I have started to again review all my stocks and have started basically where I did in January 2014, with this stock of Metro Inc.
I own this stock of Metro Inc. (TSX-MRU, OTC-MTRAF). I first bought this stock first at the end of 2001 because it is a good time to purchase as market is relatively low and Metro was on my hit list. Metro's P/E is relatively low for this stock. I brought more in 2004. By 2009, Metro stock was over 10% of my portfolio because it had grown so strong, so I sold some to reduce the percentage of it in my portfolio.
This is a dividend growth stock with a low dividend and quite good dividend growth. The current dividend yield is 1.3% and the 5 year median dividend yield is 1.6%. The dividends have grown by 16.4% and 13.5% per year over the past 5 and 10 years. The last dividend increase was in 2014 and the increase was 20%.
I have had this stock since 2004 or for 11 years. My original yield on this stock was 1.9%. My dividends have grown 253% or 12.9% per year. Currently I am getting I am getting a yield of 6.8% on my original investment in this stock. So far my dividends have paid for 40% of my original purchase price for this stock.
The Dividend Payout Ratios are quite low. The 5 year median DPRs for EPS is 17.8% and for CFPS is 13.4%. The DPRs for the financial year ending in September 2014 is 22.7% and 18.3%.
This company has been busy buying back shares. The outstanding shares have decreased by 4.8% and 1.3% per year over the past 5 and 10 years. Because of this you should pay more attention to things like Revenue rather than Revenue per Share.
One concern is the lack of revenue growth. Revenue has only grown at 0.7% and 6.8% per year over the past 5 and 10 years. If you look at the 5 year running average it is a bit better but still very low at 2.9% and 8.1% per year over the past 5 and 10 years.
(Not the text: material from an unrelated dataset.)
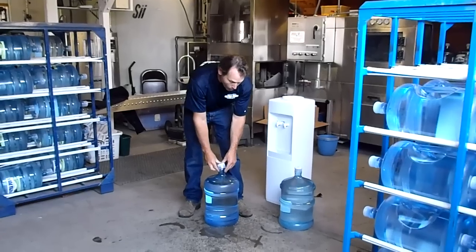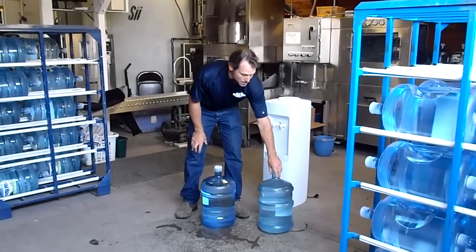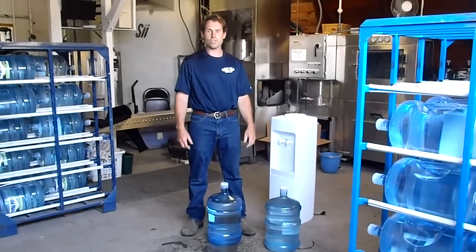So if you see any sort of water or condensation underneath a bottle, just put a note on it and let the driver know, and we'll replace it at no charge. Thank you.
Analysts are only expecting revenue to grow by 3.7% and 2% over the next two years. Revenue growth is important because both earnings and cash flow growth ultimately depends on revenue growth.
Net Income has grown at 4.8% and 10% per year over the past 5 and 10 years. The 5 year running average is also better here with growth of 12% and 13.2% per year over the past 5 and 10 years. With decreasing shares the growth in EPS looks better and can give a false sense of growth. EPS is up by 9.7% and 11.4% per year over the past 5 and 10 years. This is significantly better than net income growth.
Also, with cash flow, you should be paying more attention to cash flow growth than CFPS growth. Cash Flow is up by 0.4% and 9.6% per year over the past 5 and 10 years. CFPS is up by 5.5% and 11.2% per year over the past 5 and 10 years.
The Return on Equity is good with 2014 ROE at 16.8% and with a 5 year ROE at 16.8% also. The ROE on comprehensive income is a little lower but close at 16.1% and with a 5 year ROE at 16.1% also.
The Liquidity Ratio is a bit low at just 1.11. If you add in cash flow after dividends it goes to 1.42. Not a great number, but a better one. Debt Ratio at 2.03 and Leverage and Debt/Equity Ratios at 1.97 and 0.97 are good.
Sound bite for Twitter and StockTwits is: Dividend Growth consumer staple. Growth in Revenue has not been great since 2007. However, a lot of companies have had trouble with this last recession. See my spreadsheet at mru.htm.
This is the first of two parts. The second part will be posted on Monday, January 5, 2015 and will be available here. The first part talks about the stock and the second part talks about the stock price.
Metro is a leader in the food and pharmaceutical sectors. It operates a network of close to 600 food stores under the banners Metro, Metro Plus, Super C, A & P, Dominion, Loeb and Food Basics. It has 250 pharmacies under the banners Brunet, Clini Plus, The Pharmacy and Drug Basics. Metro's operations are concentrated in Quebec and Ontario. Its web site is here Metro.
This blog is meant for educational purposes only, and is not to provide investment advice. Before making any investment decision, you should always do your own research or consult an investment professional. I do research for my own edification and I am willing to share. I write what I think and I may or may not be correct.